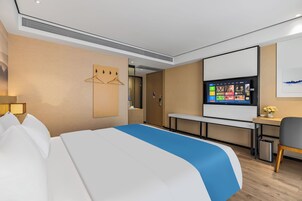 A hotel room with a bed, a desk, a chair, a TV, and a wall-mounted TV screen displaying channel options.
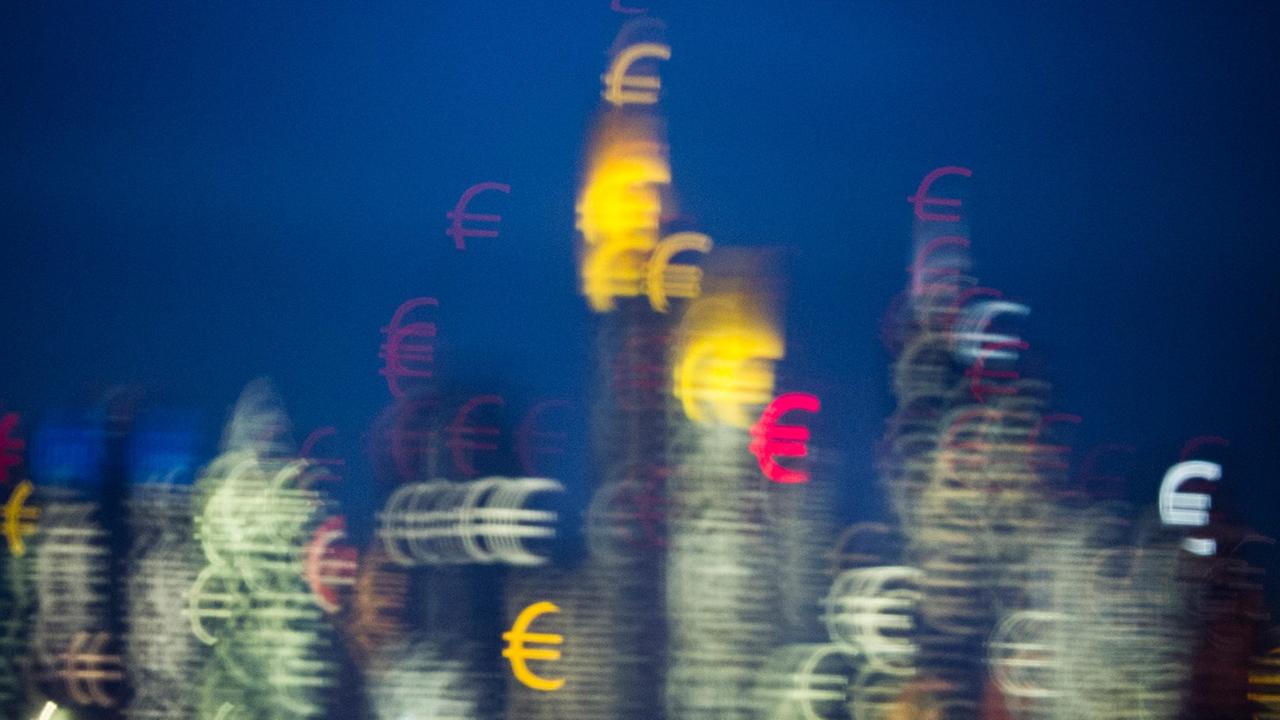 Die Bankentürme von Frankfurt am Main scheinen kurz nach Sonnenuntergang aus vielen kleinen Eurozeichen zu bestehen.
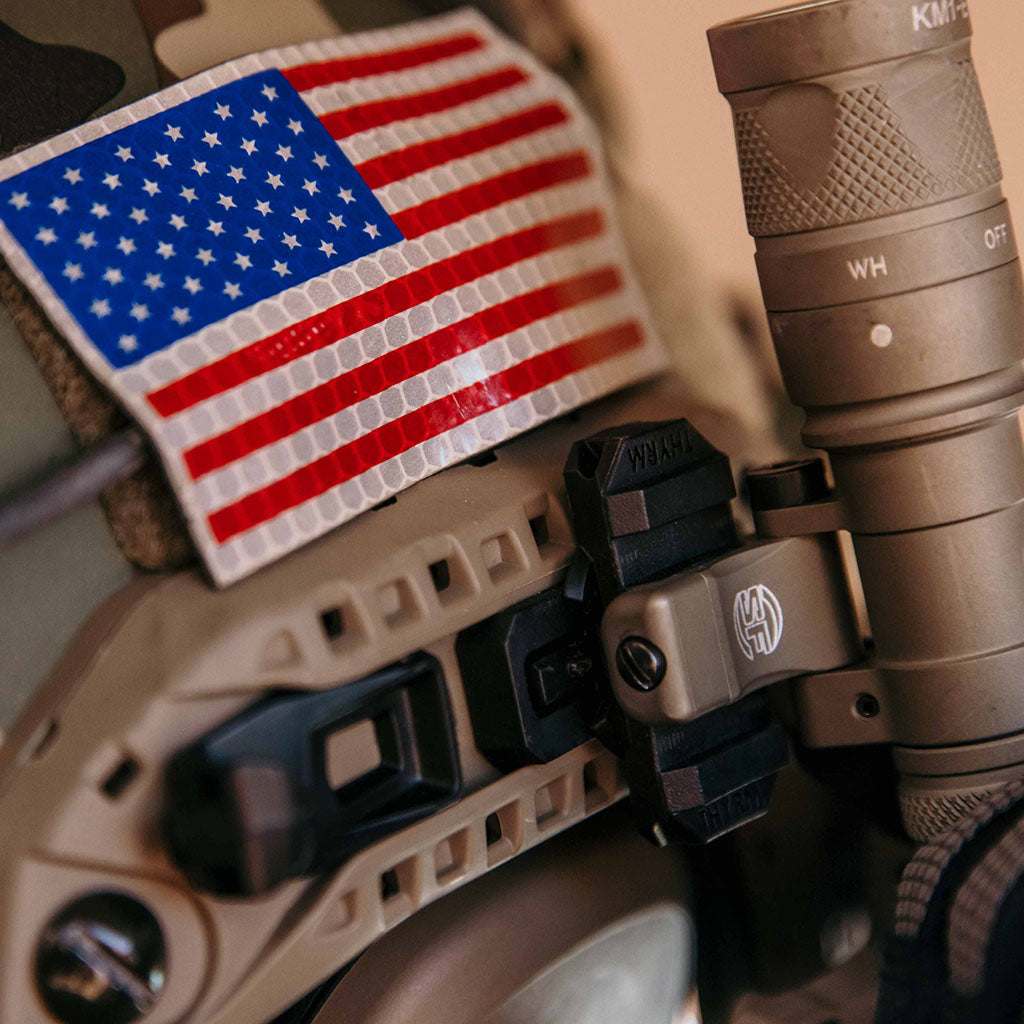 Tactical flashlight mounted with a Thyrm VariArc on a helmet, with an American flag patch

════════

◆ **Work instructions**: Please reproduce the lines exactly from the one containing "Die Bankentürme von" through the last line of the data above, and keep the pictures out.

◆ **Exercise output**:
 Die Bankentürme von Frankfurt am Main scheinen kurz nach Sonnenuntergang aus vielen kleinen Eurozeichen zu bestehen.
 Tactical flashlight mounted with a Thyrm VariArc on a helmet, with an American flag patch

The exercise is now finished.